#### TASK DETAILS
Repeat the entries exactly but omit the pictures.

--- DATASET EXCERPTS ---

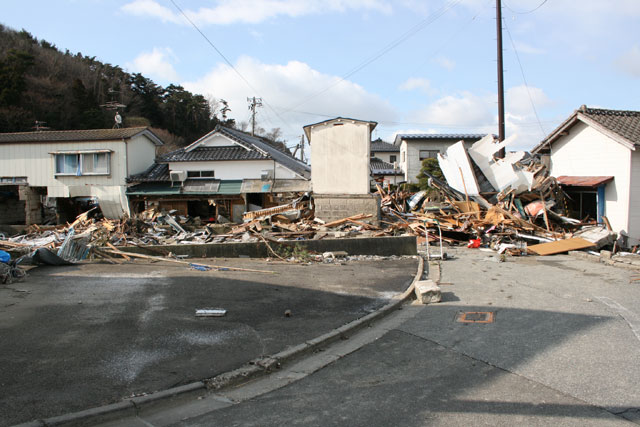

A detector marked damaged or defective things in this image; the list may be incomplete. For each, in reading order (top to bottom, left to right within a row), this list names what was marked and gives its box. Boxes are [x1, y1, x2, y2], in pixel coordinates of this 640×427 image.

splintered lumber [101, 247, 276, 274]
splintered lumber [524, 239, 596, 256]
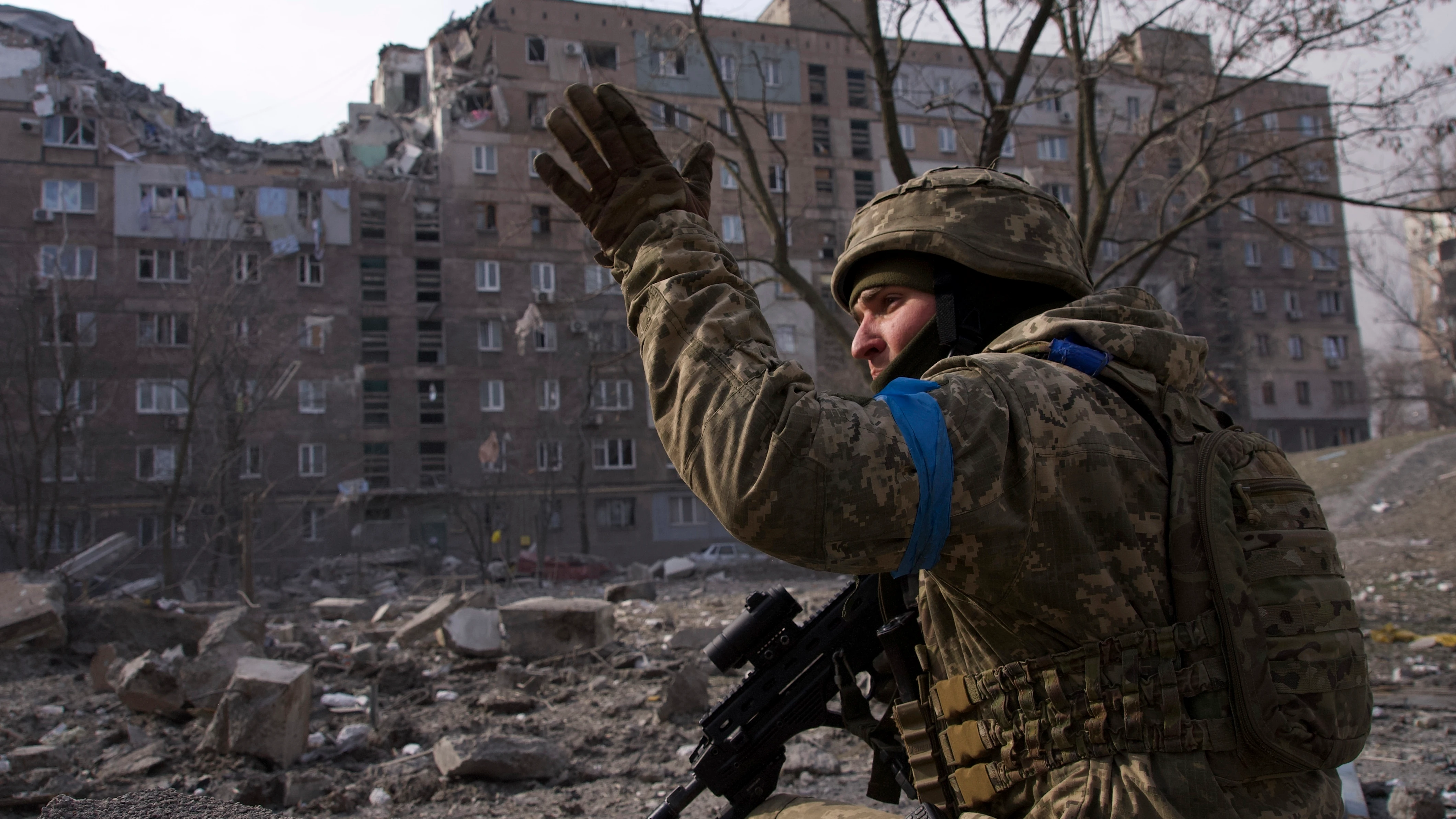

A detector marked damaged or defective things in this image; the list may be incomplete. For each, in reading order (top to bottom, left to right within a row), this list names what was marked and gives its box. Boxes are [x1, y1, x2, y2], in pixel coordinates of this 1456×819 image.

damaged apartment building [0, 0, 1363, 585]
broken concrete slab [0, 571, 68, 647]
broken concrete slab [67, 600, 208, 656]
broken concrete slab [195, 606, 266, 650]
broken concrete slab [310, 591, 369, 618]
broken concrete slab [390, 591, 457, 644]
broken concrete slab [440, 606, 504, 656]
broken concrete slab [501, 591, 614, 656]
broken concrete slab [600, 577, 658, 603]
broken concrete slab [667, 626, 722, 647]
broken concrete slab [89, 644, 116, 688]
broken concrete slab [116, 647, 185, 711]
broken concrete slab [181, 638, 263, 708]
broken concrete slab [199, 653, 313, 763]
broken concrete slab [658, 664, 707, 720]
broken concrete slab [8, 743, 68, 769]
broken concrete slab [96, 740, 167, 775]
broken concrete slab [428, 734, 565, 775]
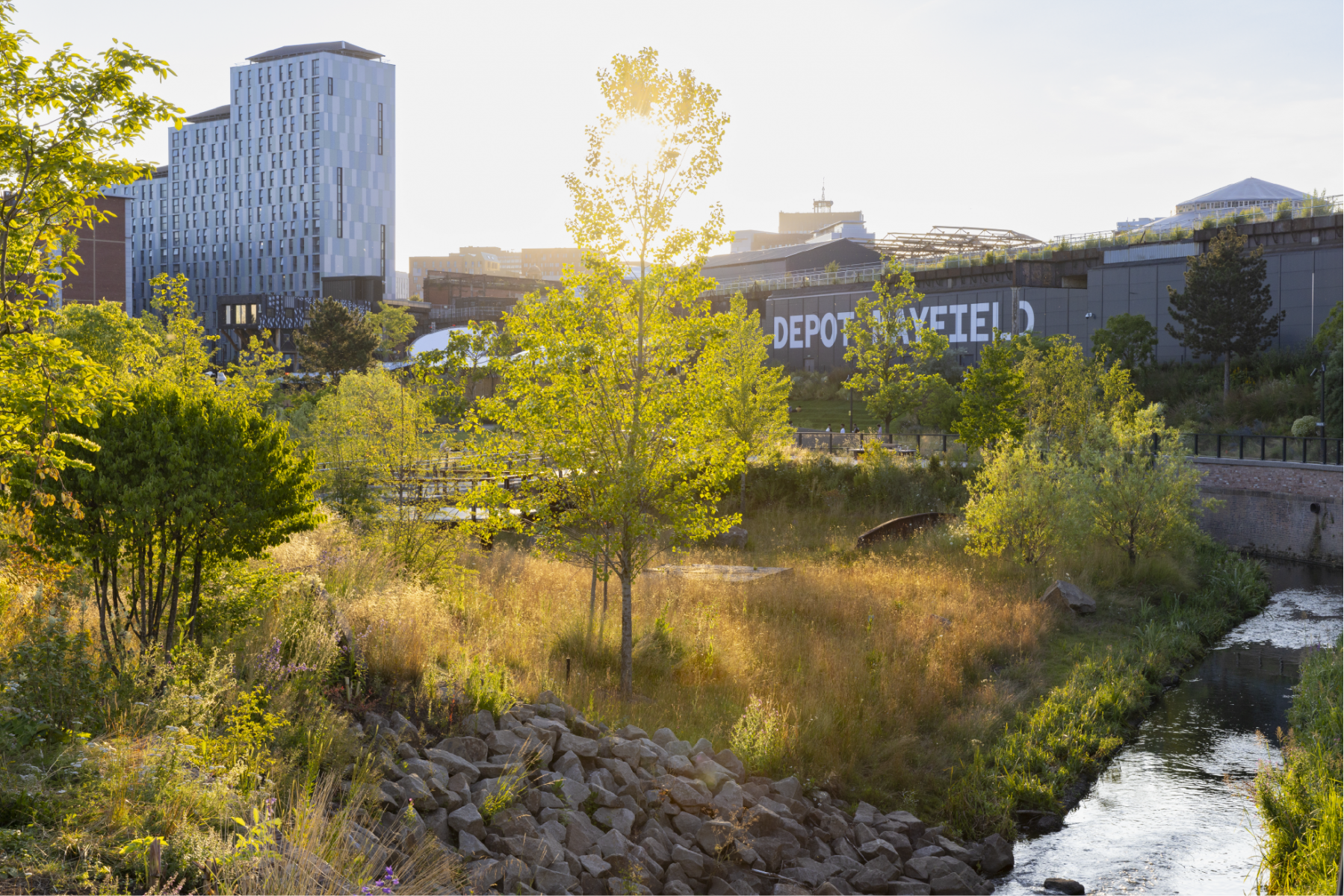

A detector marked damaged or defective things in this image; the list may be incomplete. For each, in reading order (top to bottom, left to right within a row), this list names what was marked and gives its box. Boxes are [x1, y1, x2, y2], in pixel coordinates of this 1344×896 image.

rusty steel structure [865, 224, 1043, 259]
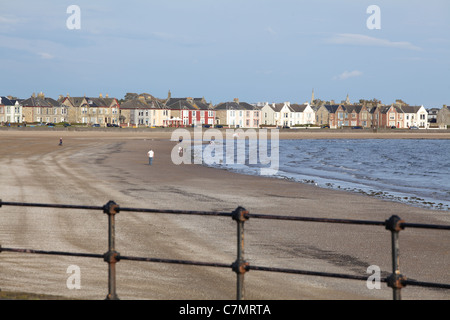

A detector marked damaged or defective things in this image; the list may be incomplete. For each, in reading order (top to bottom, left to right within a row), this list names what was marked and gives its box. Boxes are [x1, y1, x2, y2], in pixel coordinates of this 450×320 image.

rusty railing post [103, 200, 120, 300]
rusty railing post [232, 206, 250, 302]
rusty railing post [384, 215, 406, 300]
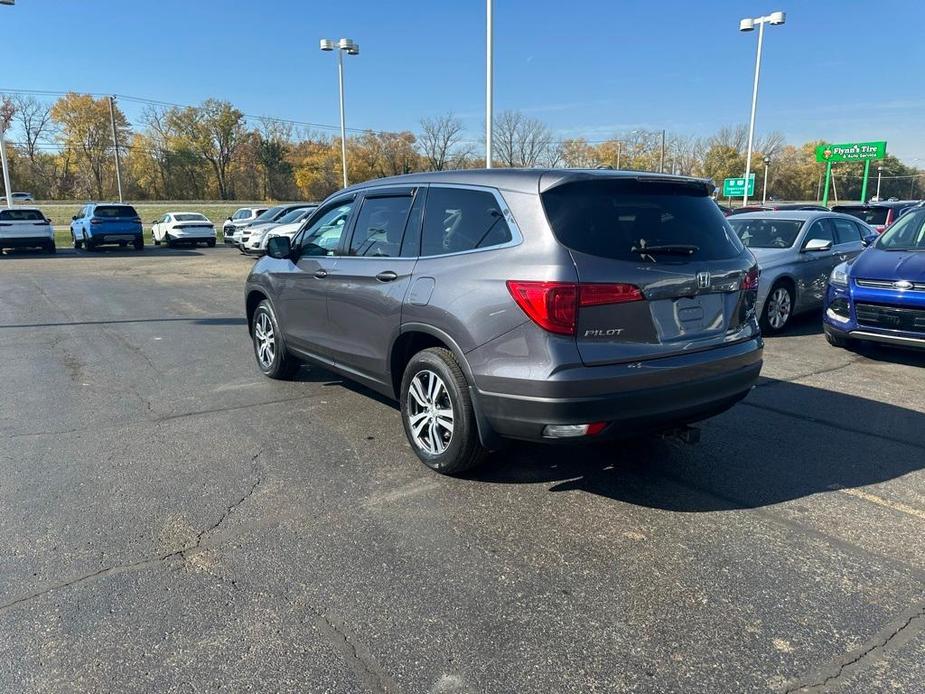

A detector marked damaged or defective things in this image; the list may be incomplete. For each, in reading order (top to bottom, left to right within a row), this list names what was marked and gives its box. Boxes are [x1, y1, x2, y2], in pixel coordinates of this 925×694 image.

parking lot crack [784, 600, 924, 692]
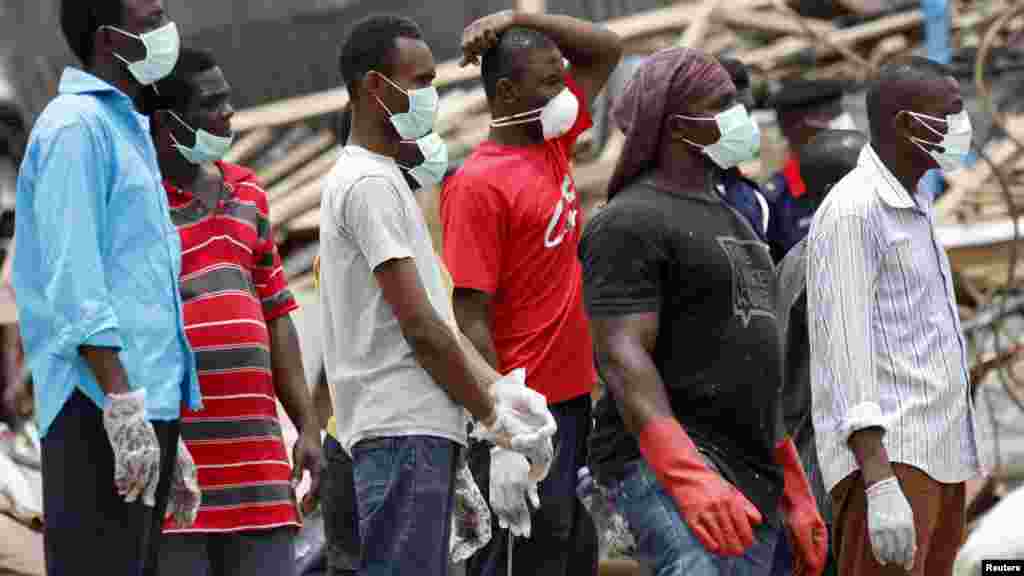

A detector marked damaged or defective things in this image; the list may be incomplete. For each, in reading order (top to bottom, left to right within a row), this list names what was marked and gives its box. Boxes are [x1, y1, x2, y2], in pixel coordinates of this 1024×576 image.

---

#### FINAL ANSWER
A detector marked damaged or defective things in this image; the list may be incomplete. For each, in reading order (top to bottom, left to right within a row), this list names what was marked and gives its box. Boxes are [x1, y1, x2, y2], in pixel coordinates of this 640×427 image.

splintered lumber [101, 247, 276, 274]
splintered lumber [524, 239, 596, 256]

A detector marked damaged or defective things in this image; the list may be incomplete. For each, in reading order (top to bottom, left to right within a row), this list names what was marked and gives its box. Boxes are [x1, y1, x2, y2], in pixel coordinates of this 1456×819 image.

damaged apartment building [0, 0, 1363, 585]
broken concrete slab [0, 571, 68, 647]
broken concrete slab [67, 600, 208, 656]
broken concrete slab [195, 606, 266, 650]
broken concrete slab [310, 591, 369, 618]
broken concrete slab [390, 591, 457, 644]
broken concrete slab [440, 606, 504, 656]
broken concrete slab [501, 591, 614, 656]
broken concrete slab [600, 577, 658, 603]
broken concrete slab [667, 626, 722, 647]
broken concrete slab [89, 644, 116, 688]
broken concrete slab [116, 647, 185, 711]
broken concrete slab [181, 638, 263, 708]
broken concrete slab [199, 653, 313, 763]
broken concrete slab [658, 664, 707, 720]
broken concrete slab [8, 743, 68, 769]
broken concrete slab [96, 740, 167, 775]
broken concrete slab [428, 734, 565, 775]

A detector marked damaged or defective things in this image; the list may be incomplete. For each, in reading order (top to bottom, left to right within a row), this list names what was marked and gives its box. Boxes are [x1, y1, x2, y2], in pixel coordinates of this 1344×896 image.

rusty steel structure [865, 224, 1043, 259]

A detector marked damaged or defective things in this image; the list may be incomplete. For each, in reading order (top to bottom, left to right within a row), this list names what was marked and gives its box. Boxes are [x1, y1, x2, y2], in pixel coordinates of this 450×320 image.

rusty railing post [103, 200, 120, 300]
rusty railing post [232, 206, 250, 302]
rusty railing post [384, 215, 406, 300]

A detector marked damaged or defective things in this image; the list may be incomplete. For each, in reading order (top to bottom, left to right within a row), this list names what was marked and gives its box. Boxes are [x1, y1, x2, y2], in pixel coordinates of this 925×694 image.

parking lot crack [784, 600, 924, 692]

A detector marked damaged or defective things in this image; the list may be incomplete. For each, in reading order (top to bottom, left to right within a row), this list names what was marked and gives its box. Boxes are [x1, y1, x2, y2], in pixel coordinates of this 1024×576 image.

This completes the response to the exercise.